Pakistan Threatens To Strike Terrorist Hideouts In Afghanistan
- Asif said that the TTP is using US-left light guns, assault rifles, ammunition, night vision goggles, and sniper rifles.
- Asif questioned Washington's ability to fight terrorism or the need to ask for its help to fight terrorism in Pakistan.
Khawaja Asif, Pakistan’s defense minister, said that Islamabad has told the Afghan Taliban that if Kabul can’t stop anti-Pakistan militants, Islamabad will strike terrorist hideouts inside Afghanistan.
Khawaja Asif told Voice of America in an interview that when he went to Kabul in the middle of February, he reminded the Taliban leaders of their cross-border security agreements that say terrorists can’t use their land to attack Pakistan, and that if they don’t, Islamabad will take action.
“If that isn’t done, at some point we’ll have to… resort to some measures,” he said. “We’ll have to hit them wherever they are, including their safe houses on Afghan soil.” He added, “We’ll have to hit them because we can’t stand this for long.”
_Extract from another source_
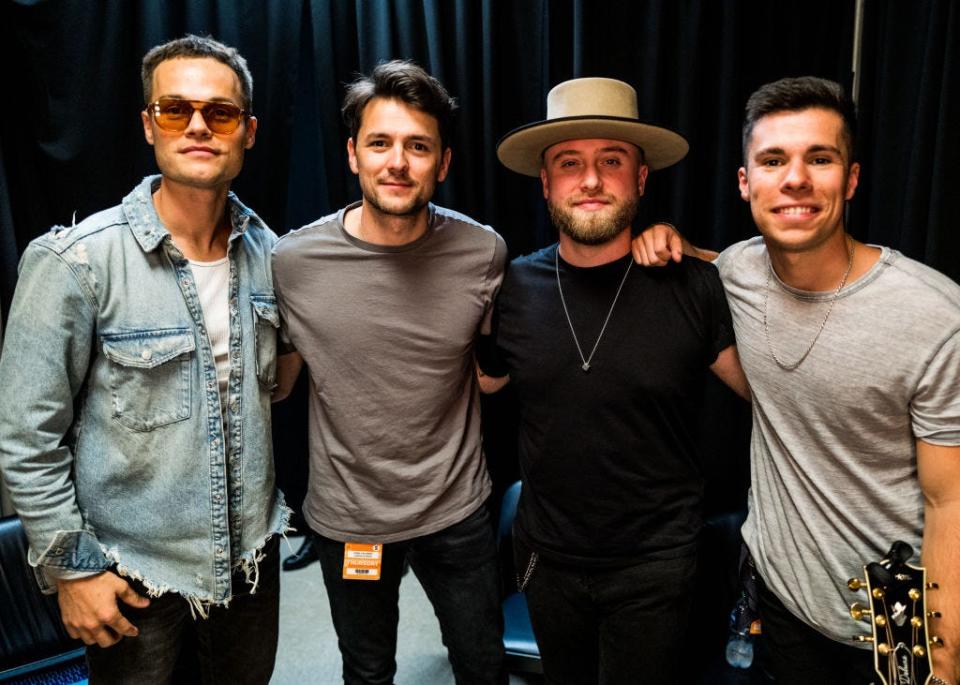Chris Deaton, Simon Dumas, Caleb Miller and Jordan Harvey of King Calaway are seen backstage during night 1 of the 50th CMA Fest at Nissan Stadium on June 08, 2023 in Nashville, Tennessee.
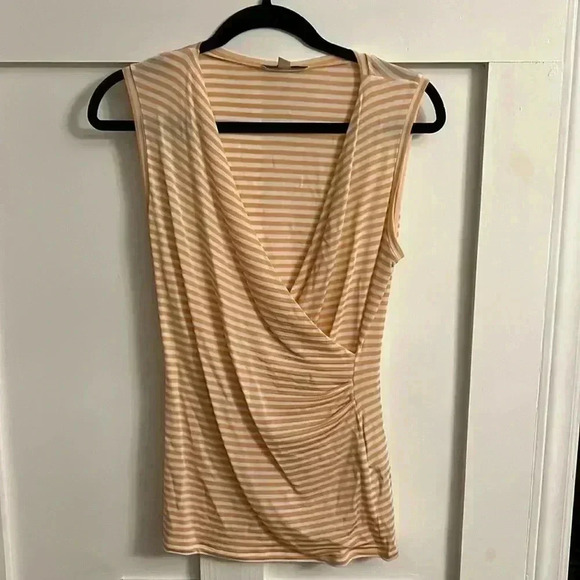MaxMara Orange White Stripe Faux wrap sleeveless Top - Picture 1 of 5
Since the Taliban took over Afghanistan in August 2021, there has been a rise in terror strikes planned and carried out by Tehreek-e-Taliban Pakistan (TTP), which has ties to the Afghan Taliban, al-Qaida, and the Islamic State-Khorasan (IS-K).
Pakistan Institute for Peace Studies, a think tank in Islamabad, says that the country had at least 262 terror acts in 2022, of which at least 89 were caused by the TTP.
After talks with Islamabad broke down in November, the group stopped a cease-fire on its own. Since then, there have been attacks almost every day in Pakistan, and most of them have been on military and police officers.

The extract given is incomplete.